In summary, an array of chemical constituents featuring diverse skeletons were afforded in a bioassay-guided investigation of the plant L. casuarinoides. These chemical compositions (1–10) could be divided into two triterpenes (1 and 2), one steroid (3), three flavonoids (4–6), and four benzene derivatives (7–10). Notably, compounds 3–9 were isolated from the genus Lycopodiastrum for the first time. The mushroom tyrosinase inhibitory activity was assessed for all the isolates. As a result, 6 and 7 showed moderate inhibition (IC₅₀ = 1.90 and 2.43 mM, respectively) that was close to acceptable ranges, though less potent than the positive control kojic acid (IC₅₀ = 0.17 mM). Moreover, in silico experiments disclosed that Lys180, His178, and other amino residues played key roles in the binding modes between compounds 6 and 7 and mushroom tyrosinase. This investigation not only enriched the chemical and biological diversities of the plant L. casuarinoides, but also suggested the utilization of this species as a source of anti-hyperpigmentation formulations in future.
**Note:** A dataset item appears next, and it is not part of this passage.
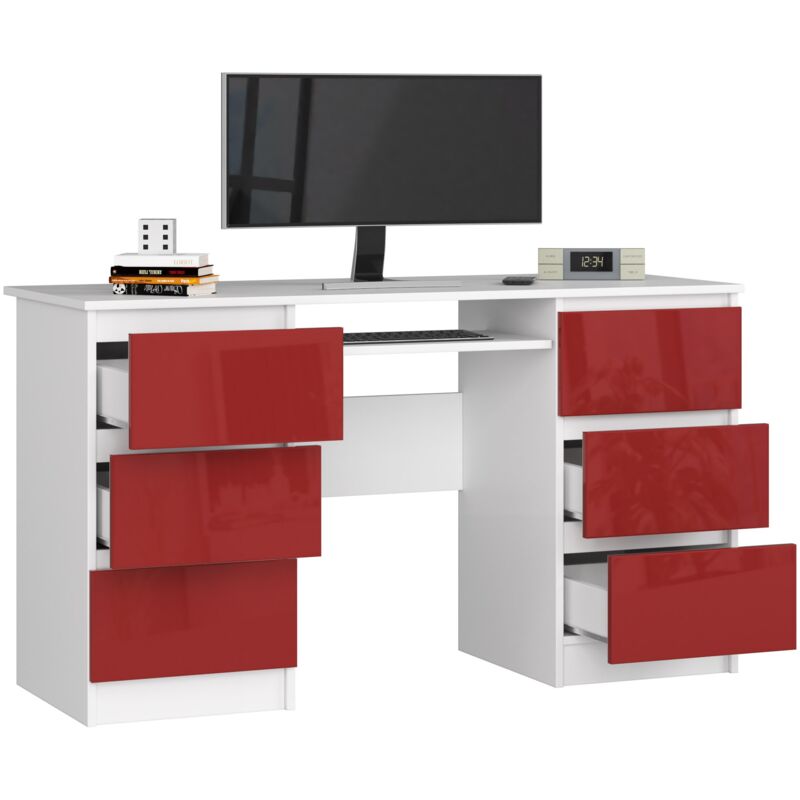 Akord Scrivania Con Ripiano per Tastiera Office Desk 6 Cassetti (2x3)  Scrittoio per Ufficio Per Computer PC Laptop 135 x 77 x 50 cm, 60 kg Bianco  / Rosso lucido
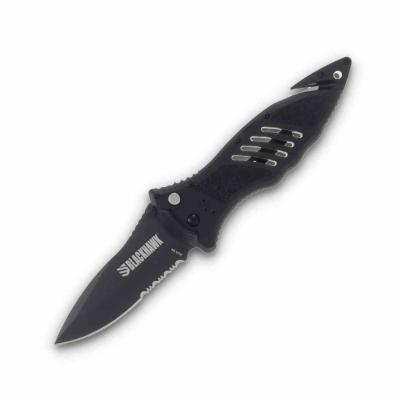 BH15M311BK — Couteau Blackhawk CQD Large Button Lock Lame Acier D2 Partiellement Serré Manche Nylon Livraison Gratuite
It might be useful to point out that there were some limitations associated with this study. First, only mushroom tyrosinase was used in our bioassays. Although mushroom tyrosinase has high similarity and homology with human tyrosinase and has been extensively used in the bioassays, it is better to perform inhibitory experiments with human tyrosinase. Second, the mushroom tyrosinase inhibitory bioactivities of compounds 6 and 7 were not strong in this study. Work will be conducted to modify or derivatize compounds 6 and 7 to improve their inhibitory potency. Third, the pharmacological profiles of compounds 6 and 7, including general cytotoxicity, absorption, distribution, metabolism, and excretion, were not measured. Fourth, the solubility, permeability, and formulation feasibility of compounds 6 and 7 and their derivatives in cosmetic products should be investigated in future.